The study reports that the main problem for communities in the Bajo Lempa is flooding. According to the Confederations of Federations for Agrarian Reform (CONFRAS) flooding is partly due to the mismanagement of the 15 of September dam located a few kilometers up the Lempa River. During Tropical Storm 12E (October 2011), the discharge from the dam reached 9,000 cubic meters per second, resulting in record flooding throughout the communities downstream from the dam. The CEL, the government institution that manages the dam, was supposed to send information about flow rates to the communities downstream to warn them when the Lempa River may rise. Unfortunately, the CEL did not communicate with the communities and the most extreme flooding happened with little warning.

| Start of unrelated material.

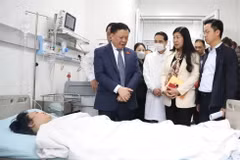 Bí thư Thành ủy Hà Nội Đinh Tiến Dũng thăm nạn vụ cháy. (Ảnh: TTXVN phát)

Organizaitons in the Bajo Lempa, however, came together and formed the Inter-Institutional Roundtable, and issued a press release on November 11, 2011 stating, “We demand to know the CEL’s plan for managing the release of water from the dam and the environmental impact study in order to coordinate the agricultural production cycles and manage risks, and to prioritize life and the protection of the inhabitants of the communities.”

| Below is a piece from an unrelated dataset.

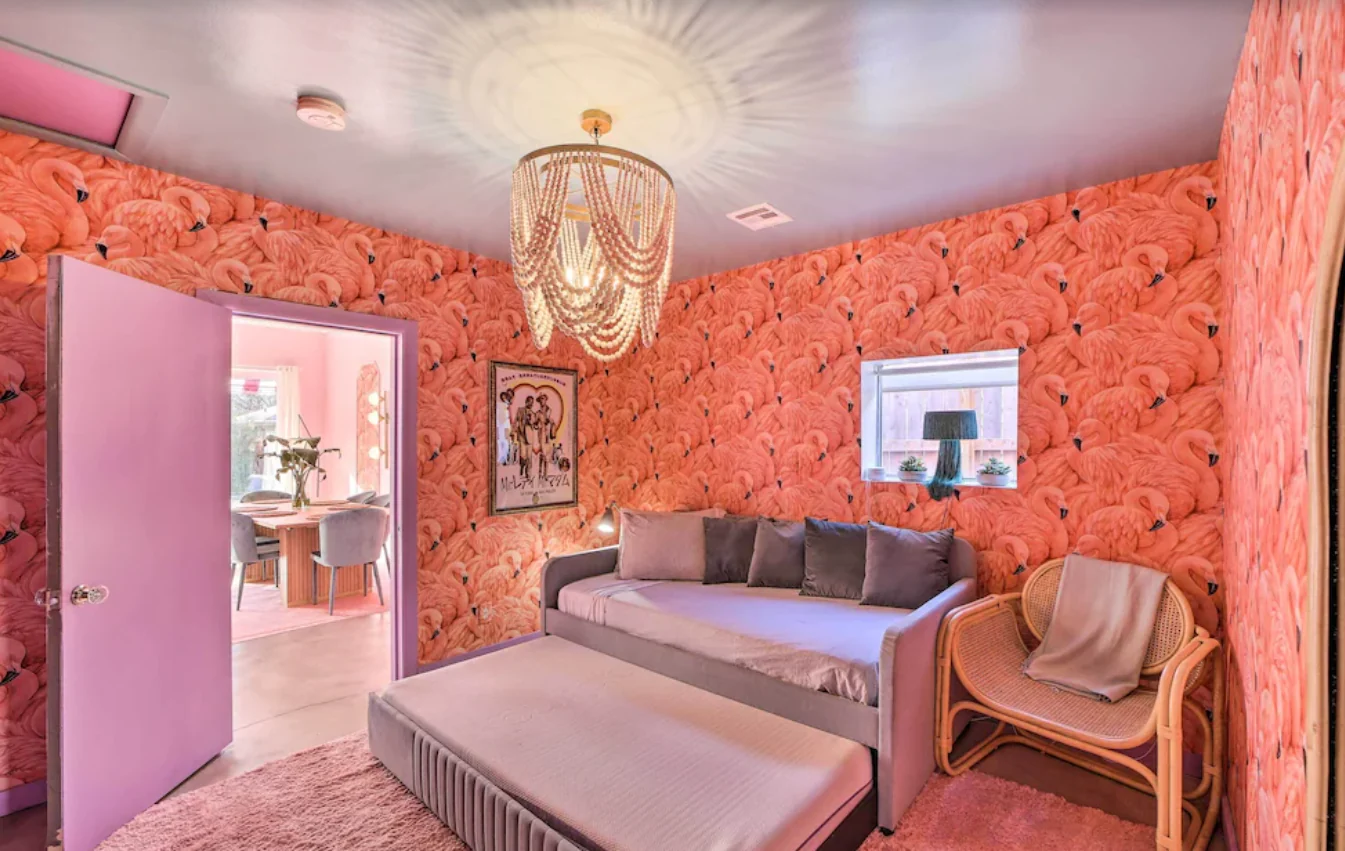 Guest bedroom with orange botanical wallpaper and a daybed — Tulsa Birdcage, Tulsa, Oklahoma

In addition to the flooding, the local population reports several other impacts of climate change, including higher temperatures, droughts, extinction of species, increase of disease, and salinzation of soil and water sources due to increased sea levels. The Association of the United Communities for Economic and Social Development of the Bajo Lempa (ACUDESBAL) declared that communities in the Bajo Lempa are strongly feeling the affects of climate change, and that it has increased food insecurity and made poverty worse.

These problems increase as the levels of consumption and the concentration of greenhouse gases in the atmosphere continue to rise. The IPCC says that if CO2 in the atmosphere reaches 450 ppm, average temperatures will rise 2 degrees. Such a rise in temperatures will cause catastrophic climate events.

For El Salvador projections indicate an increase in the temperature between 0.8 and 1.1 degrees by the year 2020. Some of the expected impacts in the Bjao Lempa are:

–       Public health problems

–       Shortage of potable water and species of plants and animals

–       Contamination of wells and salinization of bodies of water,

–       Degradation of agricultural lands and decrease in their productivity

–       Loss of domestic animals and livestock

–       Local drainage systems will fill with sediment and collapse

–       Failure of other existing flood prevention systems, among them roads, paths, and bridges

The affected communities are already taking steps to prevent these impacts before they happen. Concepción Martínez, a historic leader of Comunidad Octavio Ortiz, recently stated, “We believe that in confronting climate change, the only viable option is to fight for our survival.”

A resolution adopted by various communities states, “we meet under the heat in La Canoa (another name for Comunidad Octavio Ortiz), to analyze the impacts of climate change that we are experiencing in the form of floods and droughts, but also in the form of the voracity of the transnational businesses and governments that do not respect the cycles of life.

In this occasion we (communities in the Bajo Lempa) express:

“We commit to watch and demand that government policies confront climate change, and we demand they listen and include the opinions and proposals from the communities and civic organizations when forming these policies… to survive and maintain hope that another Bajo Lempa is possible.”